Former Rule Champions, Where Are You Now?

We’ve been closely following which big financial firms are committed to the positive changes represented by the fiduciary rule. Last fall, when it was expected that the rule would go into effect this April, many firms publicly trumpeted their support. Merrill Lynch came out with an ad campaign that declared, “We’re committed to your best interest. Not the status quo.” Other firms, like J.P.Morgan and Commonwealth Financial Group, announced they’d be cutting commissions in their retirement accounts to comply with the rule. Now that the rule’s future is in doubt, Merrill Lynch is retreating from its support of the rule and has indicated it may not complete the changes it previously committed to making. Many other firms have likewise gone silent on their support for the rule and their intent to follow through on earlier commitments.

Some firms are even gloating over the fact that they didn’t take a position on the rule or commit to changes. AdvisorHub.com quoted UBS Chief Financial Officer Kirt Gardner saying, “There is some indication that [the DOL Rule] will, at a minimum, be delayed and potentially not be implemented at all.
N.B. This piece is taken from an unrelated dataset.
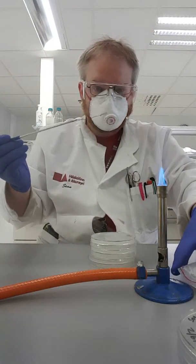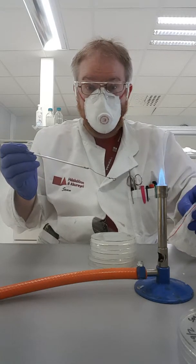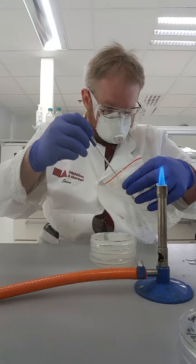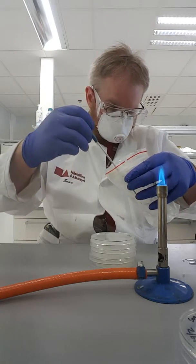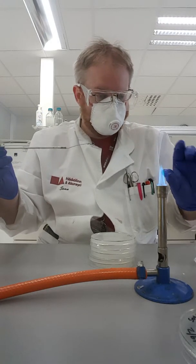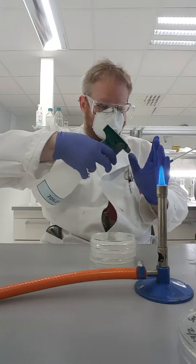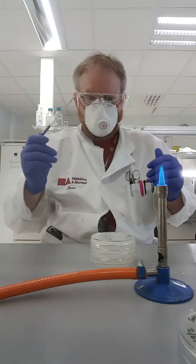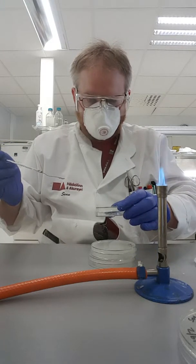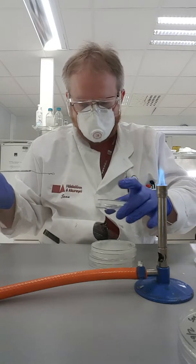So I go back to my sample — if I can get the bag open, that seems to be a problem. There we go, I got some sample. Clean my hands really quick. So now I'm going to do the same thing again, except this time I'm just going to make a lawn, where I basically just streak it out all over the surface of the plate, just so I can see what grows — just for fun.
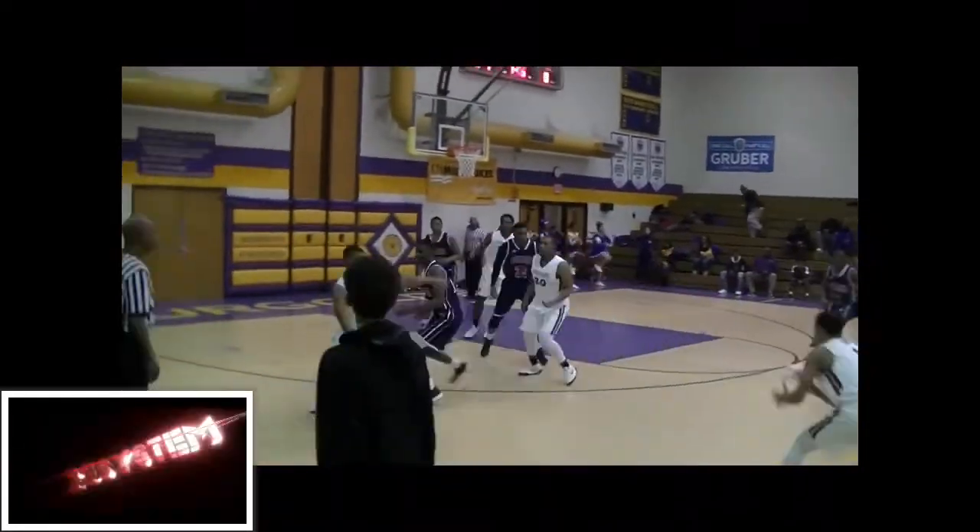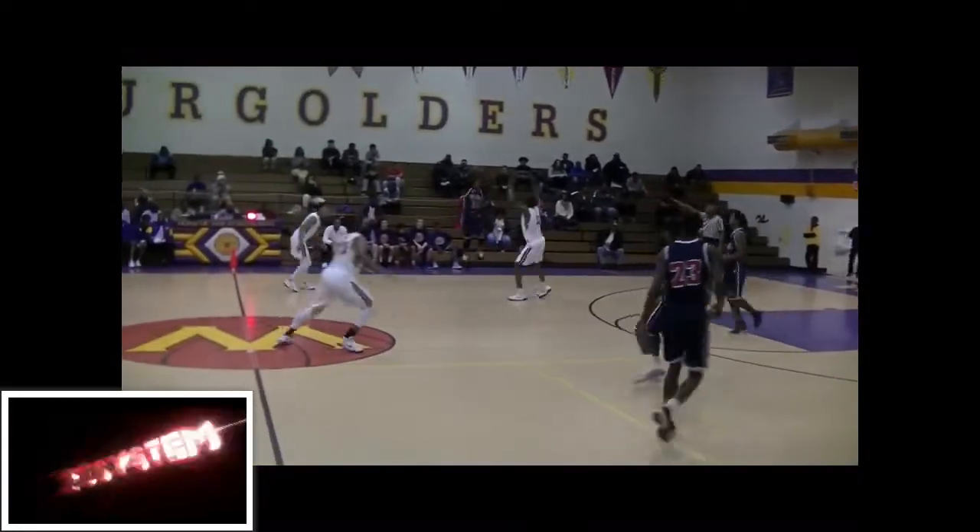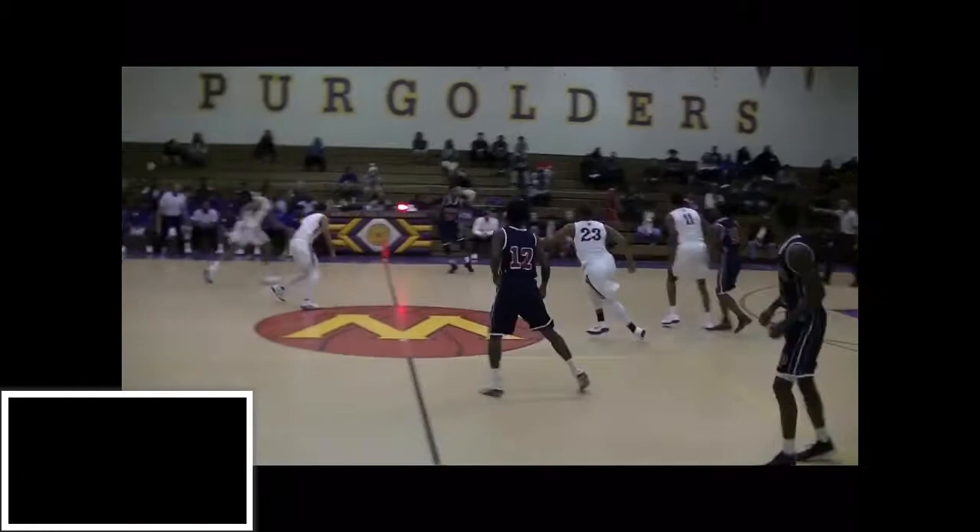Same play, just replaying it right there. Look how long they let arms in — they're letting long arms in that press right there. Now we got Daniel bringing it down, passing it, trying to get through that press.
And because we delayed our announcement…that’s proved to be very effective given some of the commitments that our competitors have made.”

It’s become extremely difficult to get individual firms to commit to a clear public position on the fiduciary rule. In January, Sen. Elizabeth Warren, D-Mass., a longtime supporter of the rule, sent a letter to 33 financial institutions that had already begun making changes designed to satisfy the rule’s regulations. She warned them that the rule was under attack, while also questioning whether they supported it and would continue to work toward implementing changes. This was an opportunity for these firms to speak out in support of the rule. Twelve firms ignored the letter. Of the 21 that responded, many provided a general statement about the importance of the rule’s objectives, but declined to make a clear commitment to its actual implementation.

Make no mistake, though, the fiduciary rule is the only realistic hope for prompt action to improve the quality of retirement advice. If firms genuinely support the rule’s objectives, they should also support the rule. In the coming weeks, we encourage you to watch closely to see which firms are willing to take a clear public stand on behalf of investors, and which are silent or hide behind trade groups.

What You Can Do to Protect Your Right to Honest Financial Advice

Today, I’m sad for retirement savers. I’m disappointed that so many of us have trusted people we’ve chosen to manage our money, to prepare us for the future, and yet we still can’t be sure if they’re doing the right thing for us. I’m angry that the one ruling that could make us feel confident again is under attack. Why would anyone want to get rid of something that could do so much good?

We encourage you to advocate for yourself and your future by submitting a public comment in support of the fiduciary rule here. You can also contact your elected representative and/or financial provider to share your support for the rule.

Then it might be time to ask your money manager these questions:

  • Why are your services and investments right for me and my situation?
  • Who makes money from my account—and how much?
  • Do you make more money recommending some investments over others?
  • Are you committed to acting in my best interests for all my accounts, at all times?

We’re not giving up on this. We stand for our customers and their best interests, and we always will. We don’t take political sides, but we are fighting for this rule until all investors receive advice they can trust. Because if the rule dies, whether it’s quick or slow, it’s sure to be painful.